Ada yang berbeda di Pantai Indrayanti. Di pantai ini, ada penjual peyek rumput laut. Peyek ini sudah
dibungkus dalam kantong plastik kecil dan dijajakan berkeliling. Ibu-ibu
penjual peyek ini membawanya dalam kotak asongan berbarengan dengan dagangan
lainnya, makanan ringan juga. Ada kerupuk, keripik dan peyek jenis lainnya.
Peyek ini berwarna hijau. Berasal
dari rumput laut yang asli dari laut sekitar situ.

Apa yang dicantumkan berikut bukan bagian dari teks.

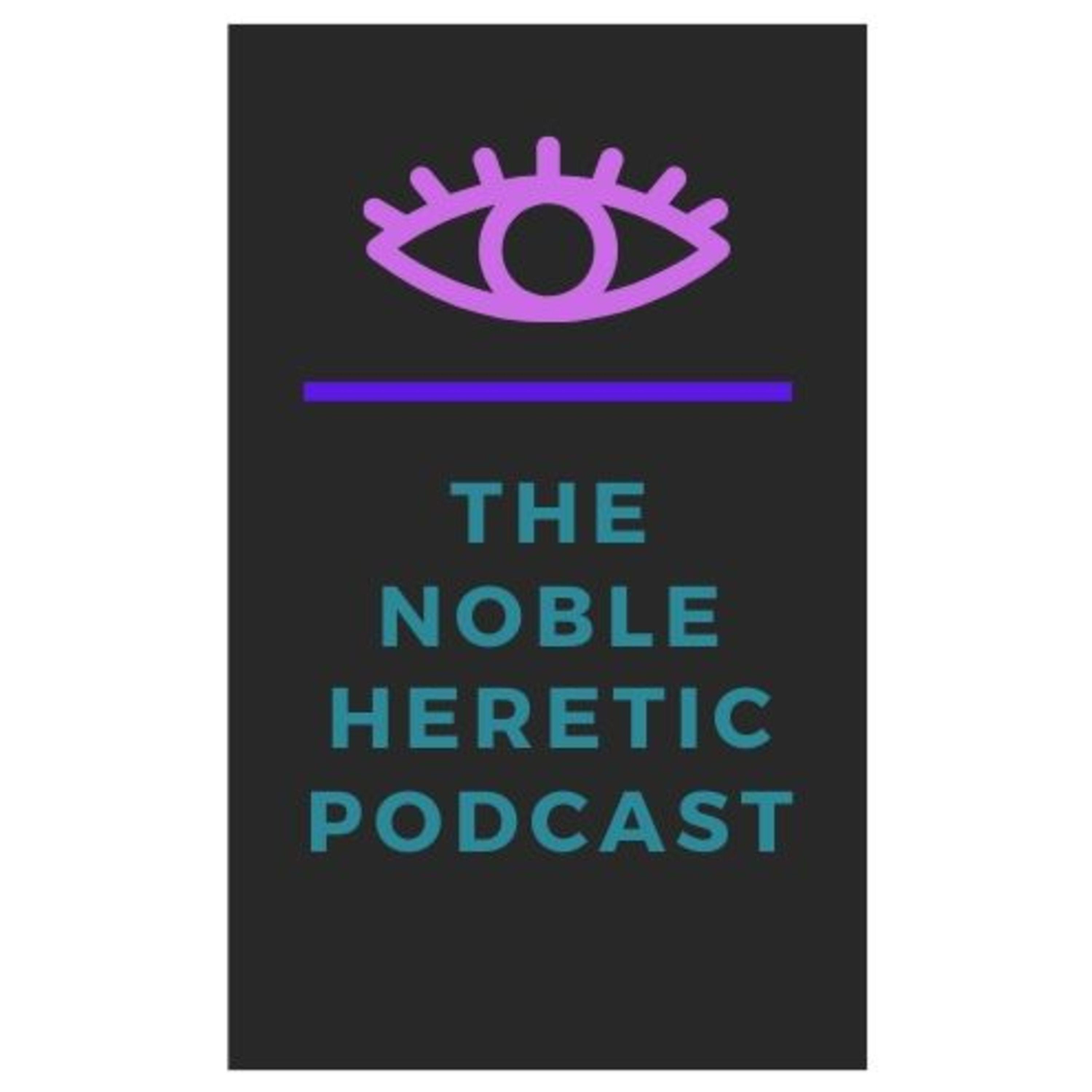 The Noble Heretic Podcast The Noble Heretic Podcast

Peyek ini mungkin juga cocok
disebut keripik, karena bahan rumput lautnya lebih banyak dari tepungnya.
Peyek-peyek lain yang saya kenal, bahan tepungnya lebih banyak dari bahan yang
menjadi identitasnya. Misalnya peyek kacang tanah atau kacang hijau.
Kacang-kacang itu ada di antara tepung yang mengeras karena digoreng.

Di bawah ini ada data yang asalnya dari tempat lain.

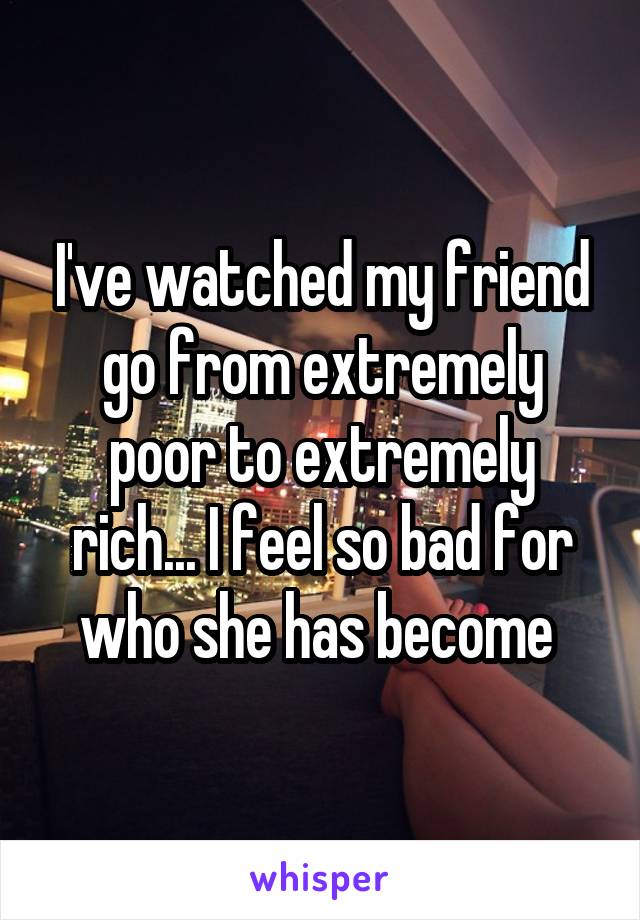 I've watched my friend go from extremely poor to extremely rich... I feel so bad for who she has become 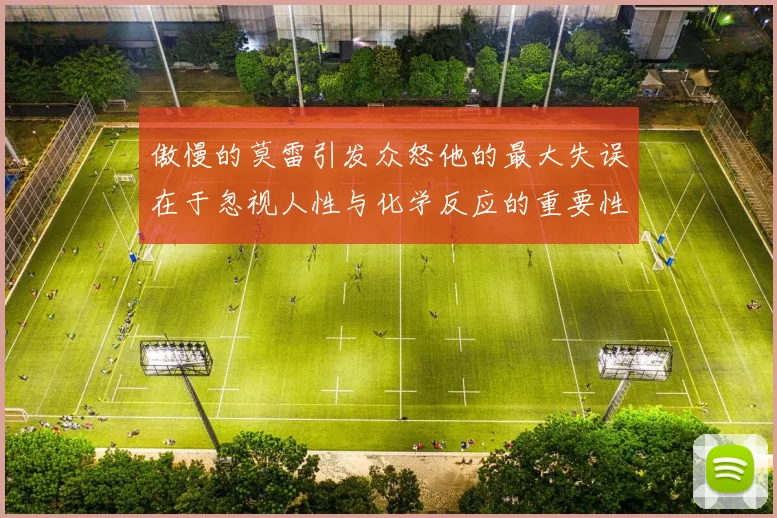 傲慢的莫雷引发众怒他的最大失误在于忽视人性与化学反应的重要性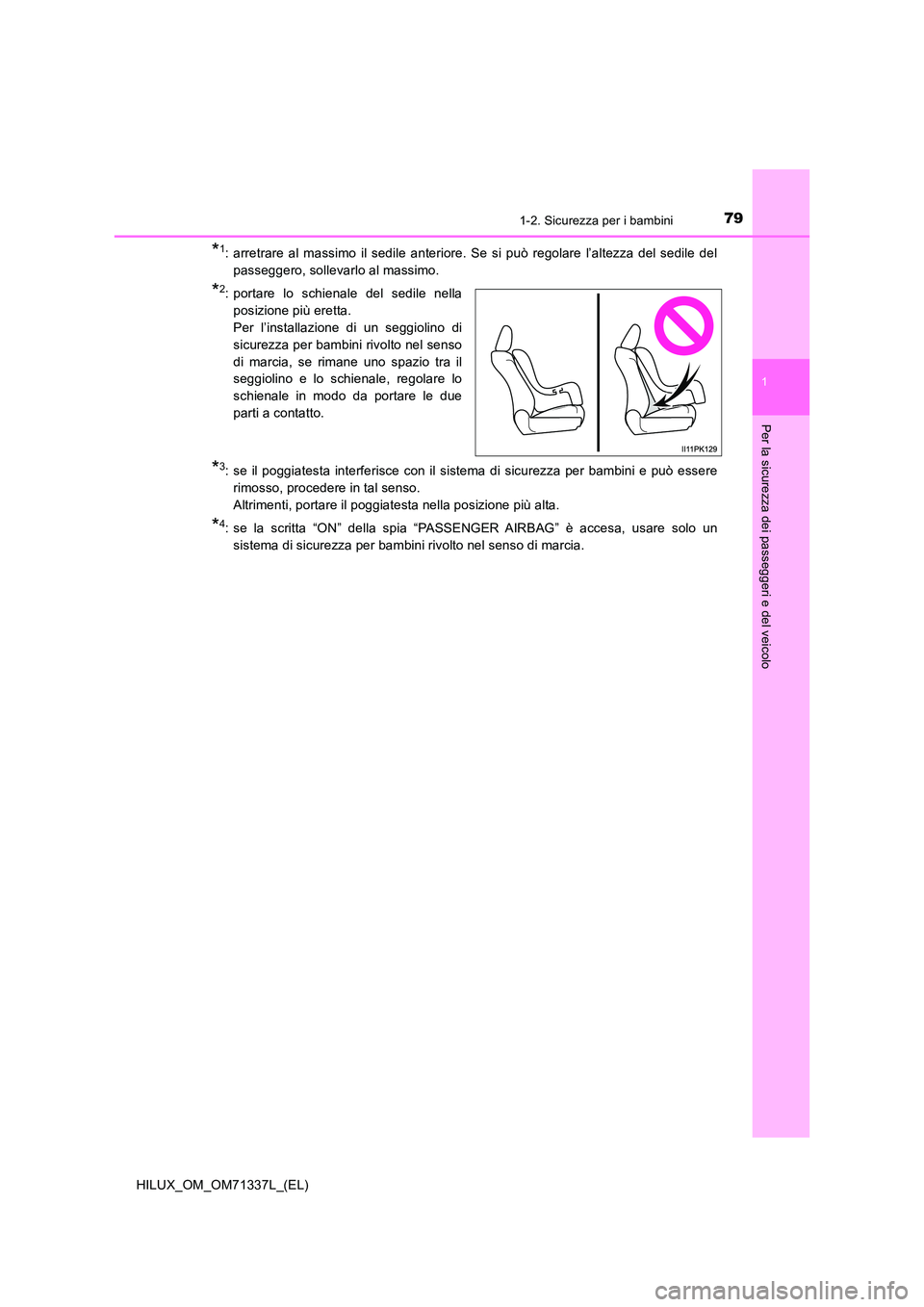 TOYOTA HILUX 2021  Manuale duso (in Italian) 791-2. Sicurezza per i bambini
1
HILUX_OM_OM71337L_(EL)
Per la sicurezza dei passeggeri e del veicolo
*1: arretrare al massimo il sedile anteriore. Se si può regolare l’altezza del sedile del 
pass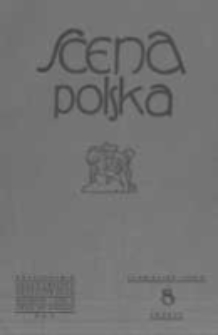 Scena Polska: organ Związku Artystów Scen Polskich. 1930 R.10 z.8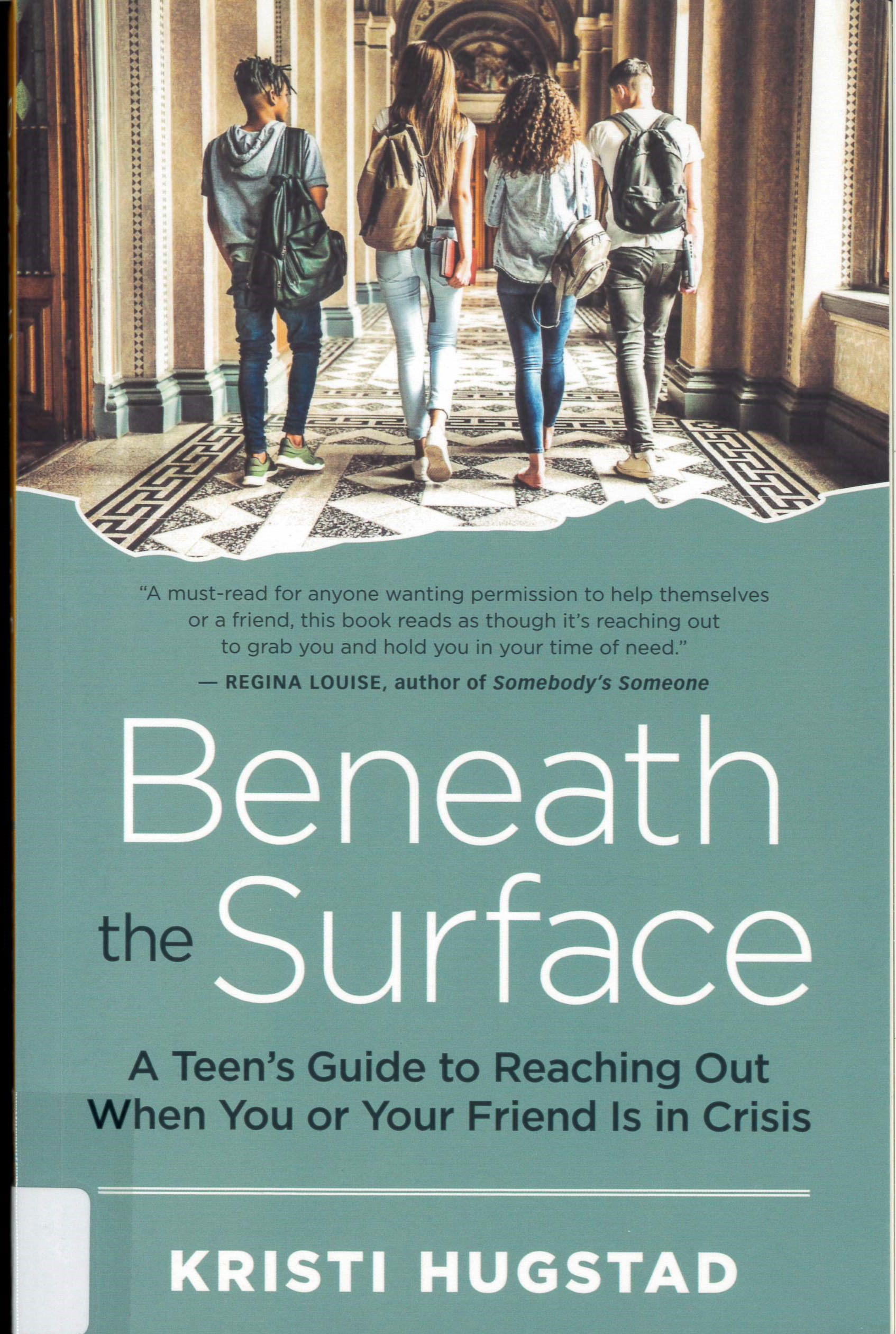 Beneath the Surface: A Teen’s Guide to Reaching Out When You or Your Friend Is in Crisis /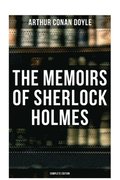 The Memoirs of Sherlock Holmes (Complete Edition): Silver Blaze, The Yellow Face, The Stockbroker's Clerk, The Gloria Scott, The Musgrave Ritual...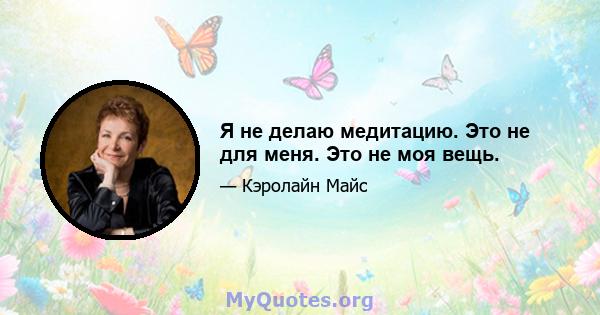 Я не делаю медитацию. Это не для меня. Это не моя вещь.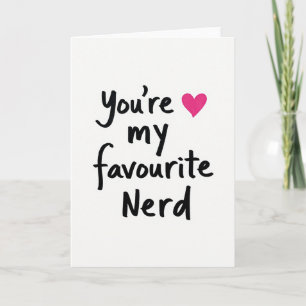 Você é Meu Cartão de Nerd Favorito Simples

Peyek rumput laut ini menarik
perhatian saya. Selain karena saya memang penggemar rumput laut, saya juga baru
kali ini menemukan rumput laut yang bisa diolah menjadi makanan seperti itu.
Saya pun membeli beberapa bungkus peyek dari seorang ibu pedagang.

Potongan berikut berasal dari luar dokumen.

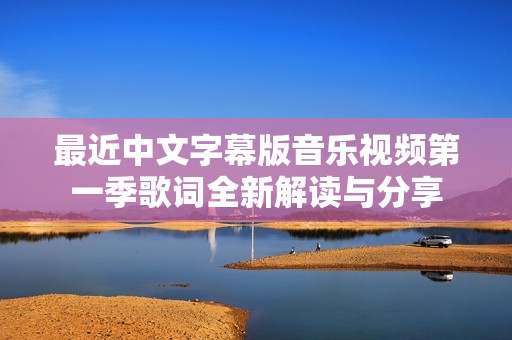 最近中文字幕版音乐视频第一季歌词全新解读与分享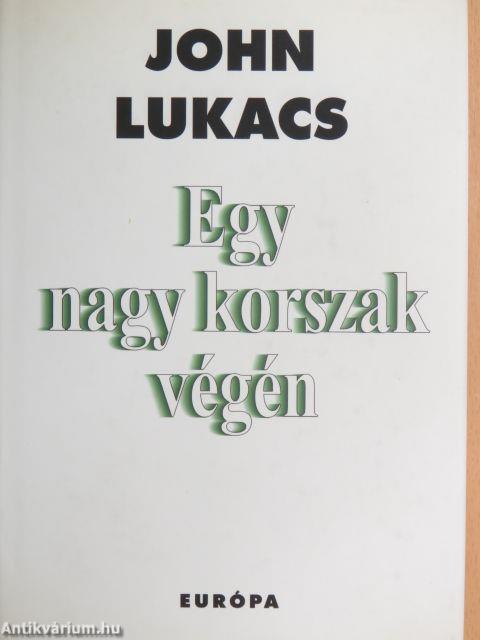 Egy nagy korszak végén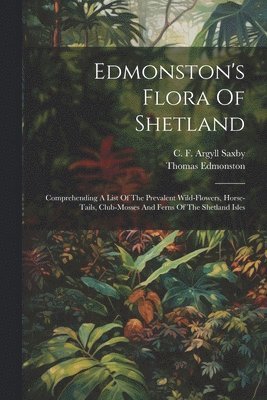 bokomslag Edmonston's Flora Of Shetland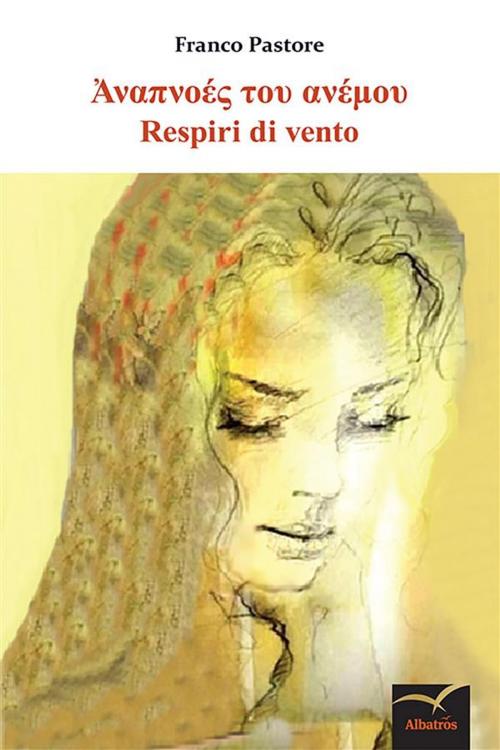 Cover of the book Respiri di vento by Franco Pastore, Gruppo Albatros Il Filo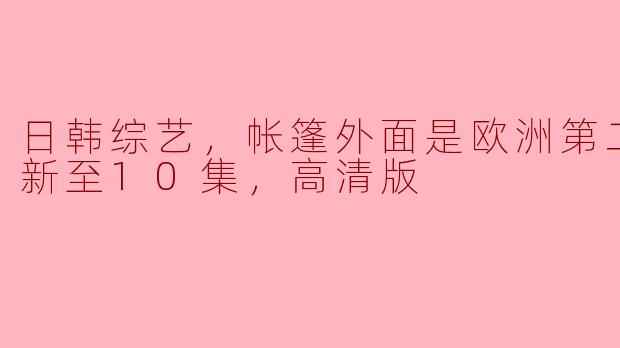 日韩综艺，帐篷外面是欧洲第二季，更新至10集，高清版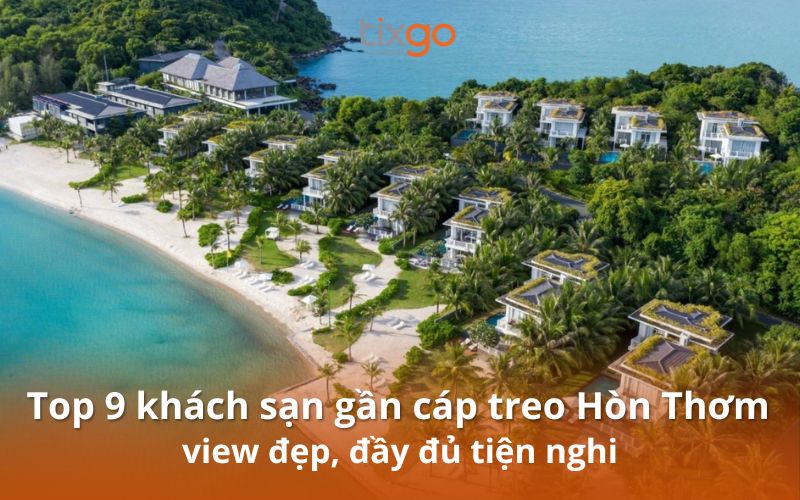 Khách sạn gần cáp treo Hòn Thơm đầy đủ tiện nghi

Sebenarnya, saya hanya berniat
membeli 1 bungkus untuk saya nikmati sendiri. Saya berubah pikiran ketika ibu
penjaja peyek itu menyebutkan harganya. Harga per bungkusnya hanya Rp. 2000.
Tanpa menawar lebih lanjut, saya langsung membeli 5 bungkus. Saat itu, saya
tahu, kalaupun saya menawar lebih murah, Rp. 10.000 untuk 6 bungkus misalnya,
ibu penjual pasti akan memberikan. Namun saya mengurungkan niat itu. Rp. 2000
sudah cukup murah. Itu adalah uang untuk pengganti bahan, tenaga dan waktu
untuk ibu penjaja itu. Rasanya, kok, kelewatan kalau harus menawar harga lagi.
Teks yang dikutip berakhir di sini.